Ansley said the City annexed the Maple Pool area in 2002. Until 2010, he said the City treated the site as "legally non-conforming," which essentially means grandfathering.

"The Local Government Act gives sweeping powers to municipalities. If this goes to court, we anticipate that we will be successful in our argument that the property was legally non-conforming. But if the City should prevail, then the City will be facing a million-dollar lawsuit," Ansley said.

"My clients have acted on the basis of the statements from the City, and they've acted to their detriment, and they're going to suffer huge losses. They're going to be looking to the City of Courtenay to compensate them for those losses."
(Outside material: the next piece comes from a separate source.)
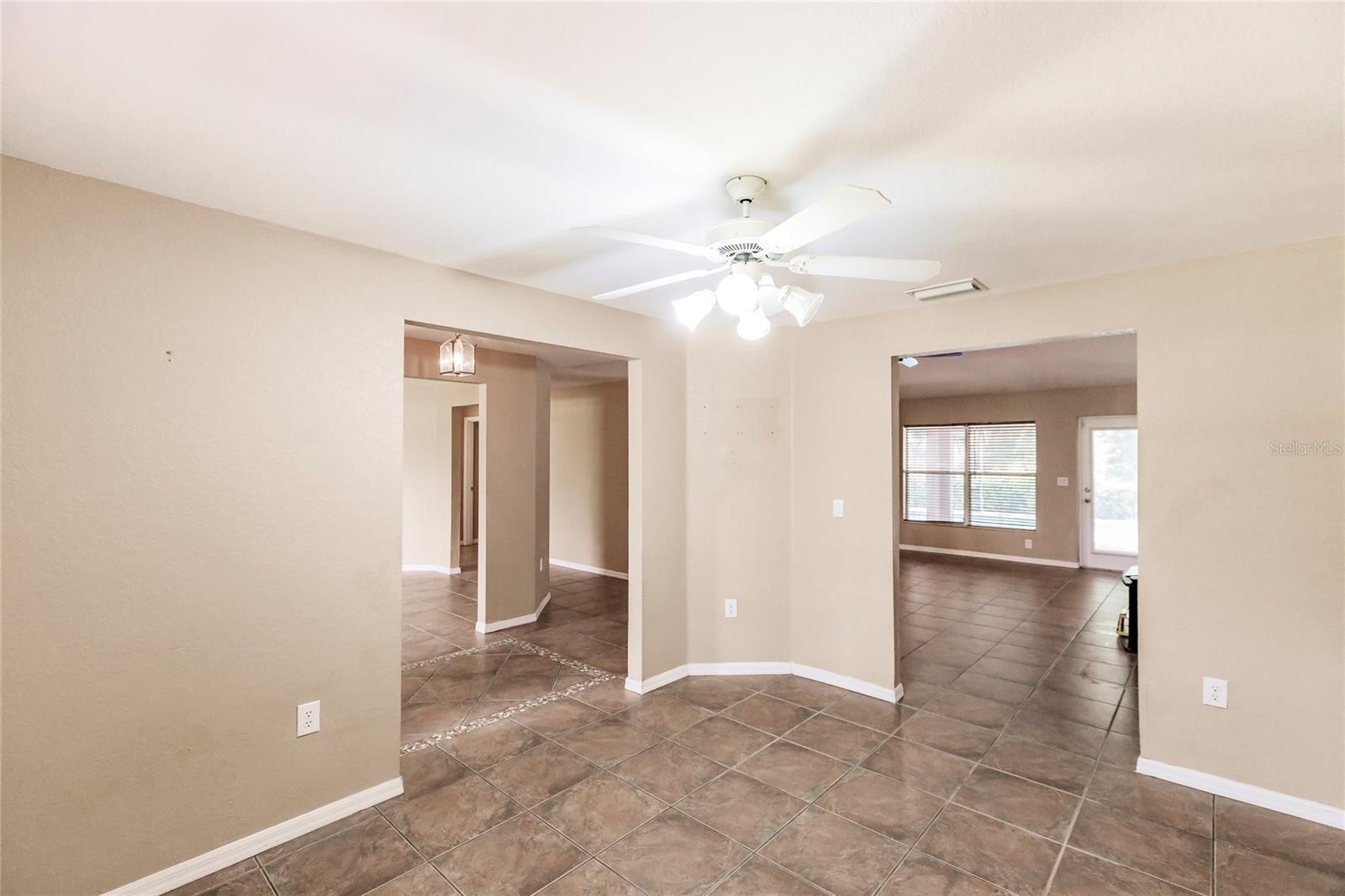 4238 GOLFAIR LN — photo 8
He said a solution to the rezoning issue is to continue recognizing the non-conforming status of the campground. Ansley also said the Lins are prepared to present City council with an engineering plan to raise a portion of the land. He also notes volunteers who would perform the work and supply materials.

"It really would be a very easy solution," Ansley said.

Gray said there is no non-conforming use at Maple Pool. Furthermore, the city has waited more than a year for the Lins to forward a proposal.

"They have not brought anything in, and now they're wanting to negotiate through the media," he said. "The appropriate way is to come through the front door.

"It's a huge challenge from an engineering point of view, I would think," Gray added. "The City has not received anything of a substantive nature that in any way would look like an application."

A hearing is expected to occur next month.